When individuals invest in certificates of deposit, the question of how fees – and even commissions – affect the rate of return often comes up. In some instances, there are no commissions to consider, but often, there are. Commissions are most common in brokerage CDs, which is why it’s important to learn about them before investing.
What You Should Know About Brokerage CDs
There are some significant differences between brokered CDs and those offered solely through banking institutions. One difference is that these certificates of deposit, while being offered through banking institutions, are not actually representative of the bank. Instead, the broker firm is purchasing them from the banks in large denominations and reselling them to customers in smaller chunks.

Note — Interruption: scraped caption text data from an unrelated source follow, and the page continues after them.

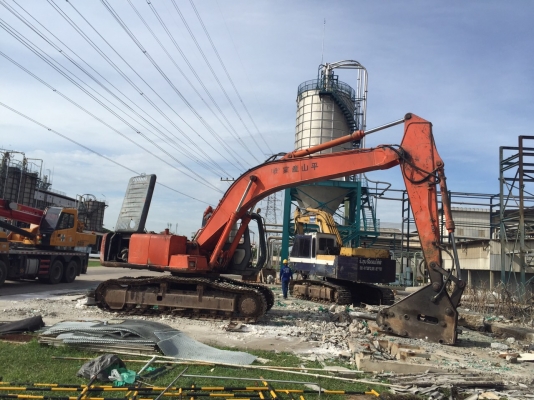 ขายอะใหล่ EX200-3 ด่วน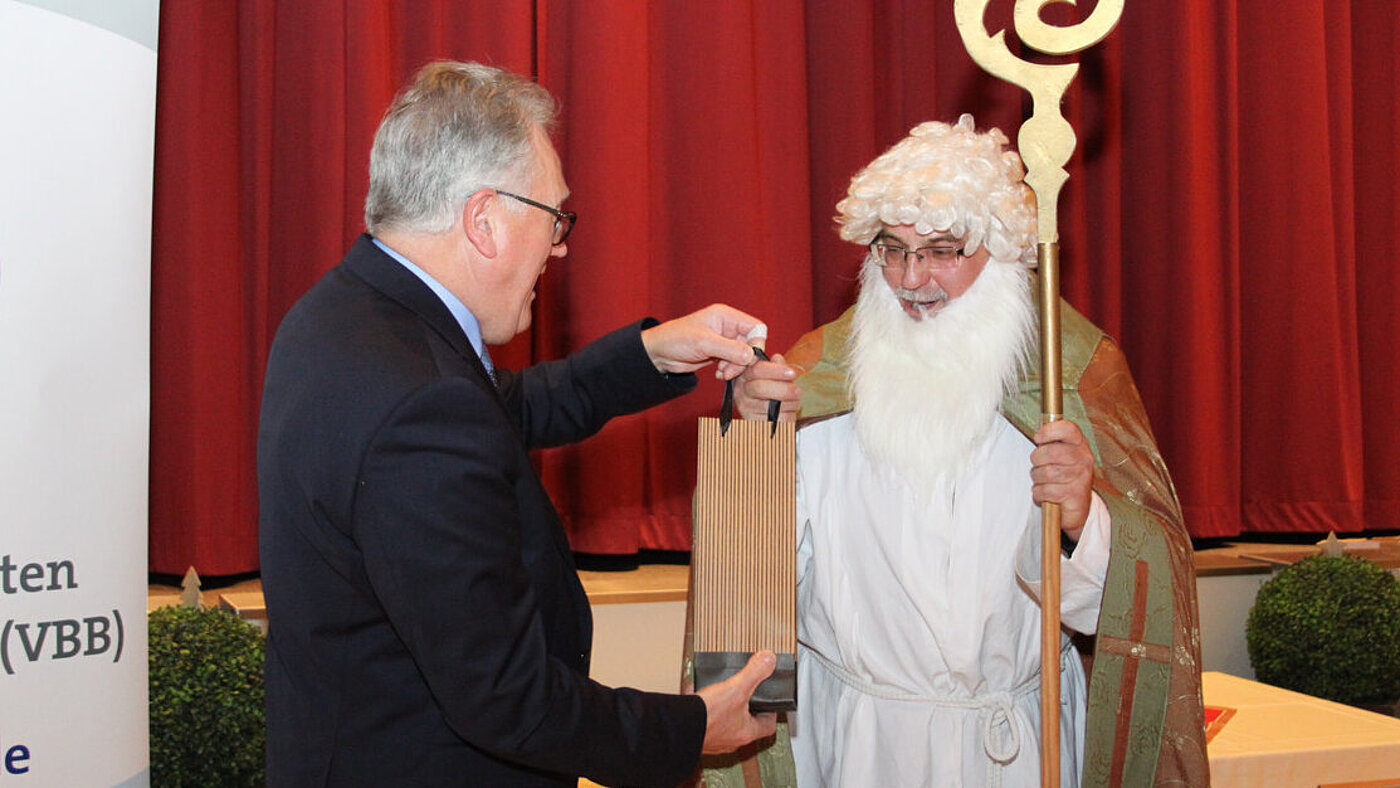 Nikolaus Jahresabschlussveranstaltung Nikolaus Jahresabschlussveranstaltung der VBB-Ruheständler Nikolaus Jahresabschlussveranstaltung der VBB-Ruheständler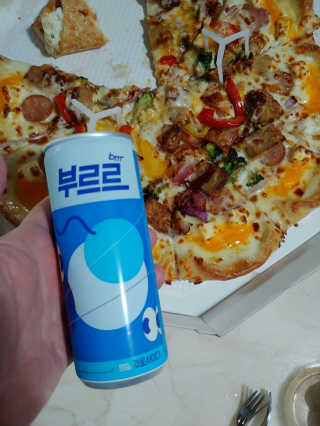 [칼로리 걱정 NO 제로칼로리 탄산음료]  부담없이 즐기는 부르르Brrr~~ 제로 사이다 — 5점을 준 리뷰어가 2020년 12월 올린 사용 사진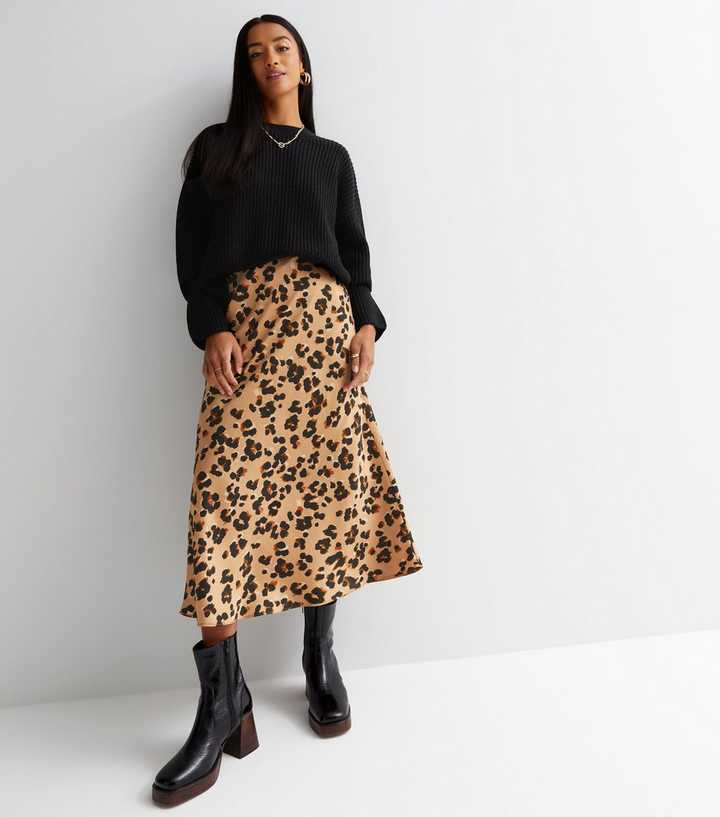 storhedsvanvid reductor Opdage Petite Brown Leopard Print Satin Bias Cut Midi Skirt | New Look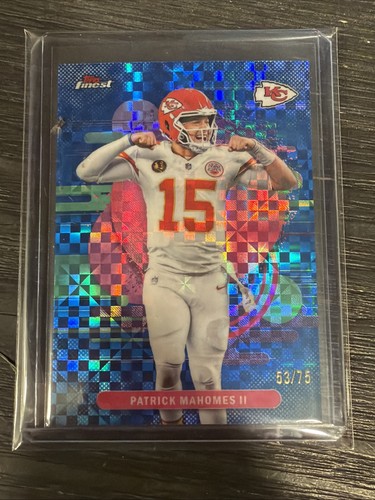 2025 Topps Finest Patrick Mahomes II Uncommon Blue Geometric Refractor /75
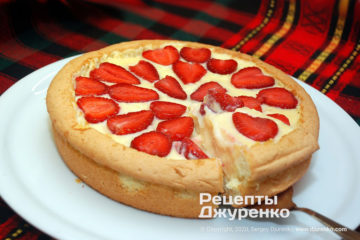 Фото рецепта торт с клубникой и заварным кремом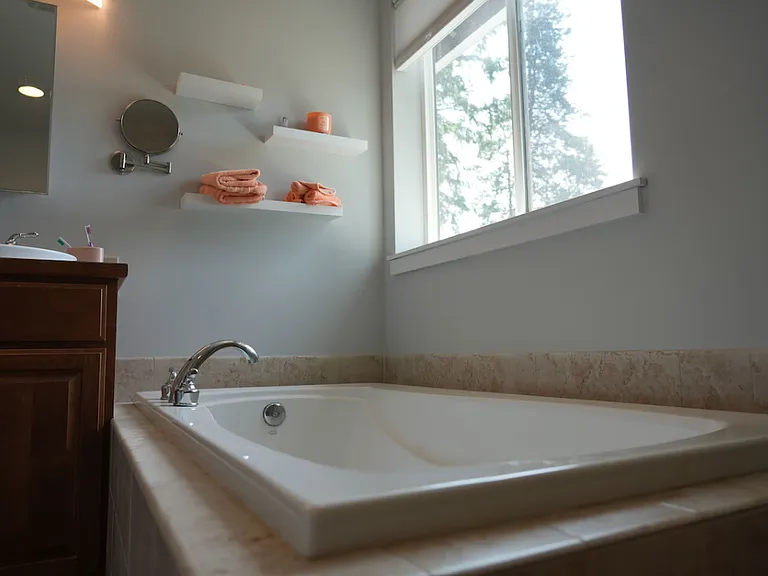1151 E Trails End Dr — Photo 32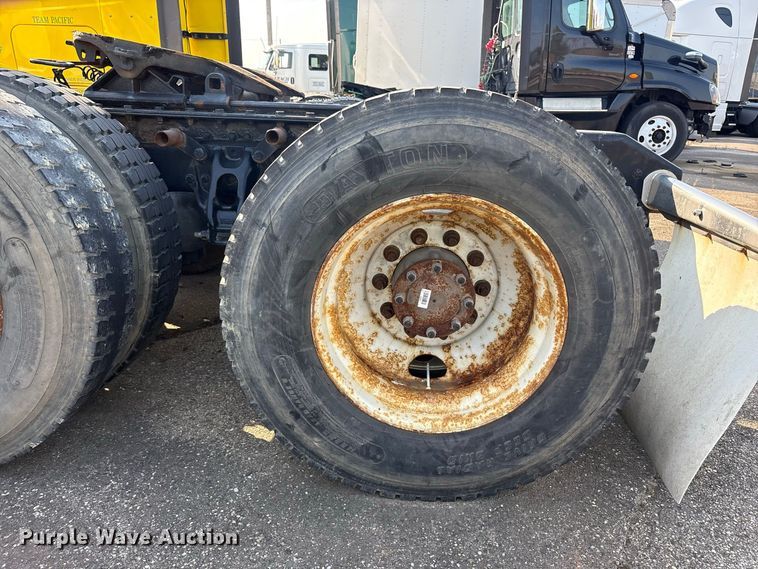 image for item YA4064 2019 Kenworth T880 semi truck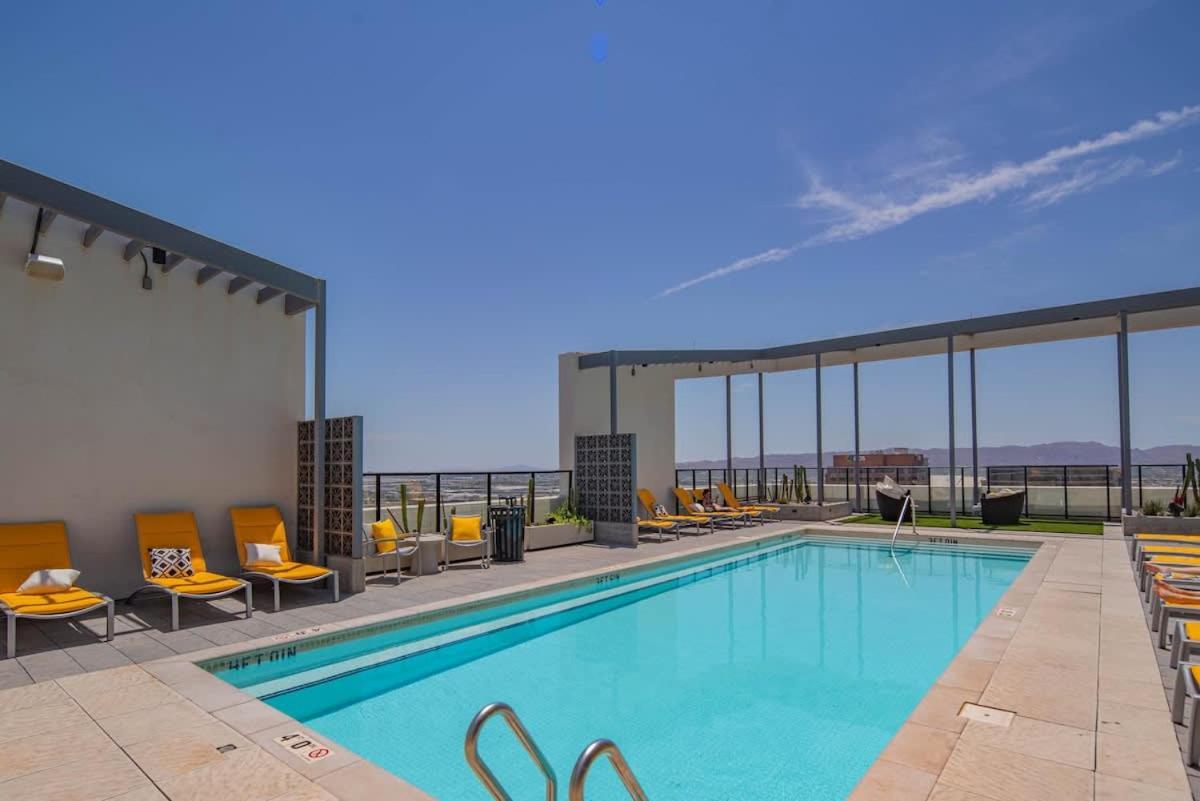 Detailed 2Bd, Highrise Dt, Pool, Gym, Parking, Sleeps 8 Lägenhet Phoenix Exteriör bild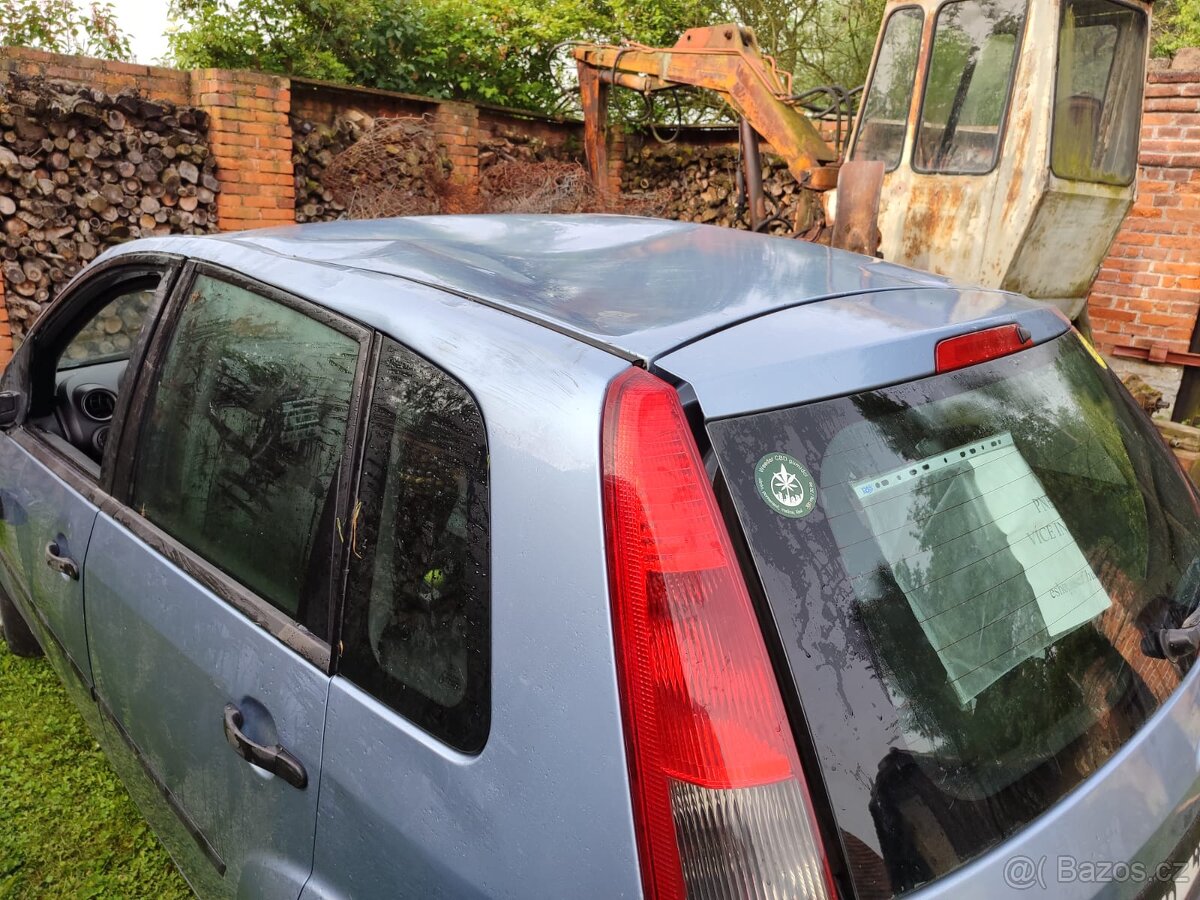 Prodám bouraný Ford fiesta 2004 mk V generace 5 1.3 na ND - 5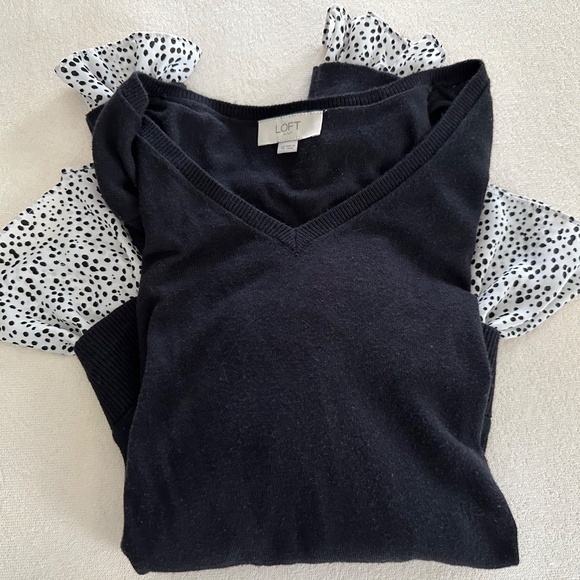 LOFT Black V Neck Cotton Lightweight Sweater Animal Print Ruffle Hem Size XS EUC - Picture 7 of 15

In doing so, it possible for the broker to offer a higher brokerage CD rate to customers. Also, because the CDs can be resold before the maturation period ends, customers can take advantage of brokerage CDs due to greater liquidity.
What about Those Commissions for Brokers?
With the benefits that come with brokerage CDs, you’re probably wondering what the brokerage firm gets out of the deal. One benefit for them is possible commissions for brokers. This often occurs because broker firms don’t actually issue certificates of deposit. Instead, they “broker” them, meaning any CD purchased through them is actually traded like a bond, thus entitling them to a commission.
While the commissions for brokers often don’t affect you, sometimes they can. This is especially true for your yield to maturity (YTM), which is the rate of return anticipated if the CD is held until the maturity date. Due to the commission, you may be paid the predetermined amount of interest promised at first investment but your YTM could be materially lower.
When deciding whether to go with the traditional CD or brokerage CDs, every aspect should be taken into account – including commissions for brokers. Before you make any investment in one, you should know what to look for in a brokerage CD to earn the greatest rate of return.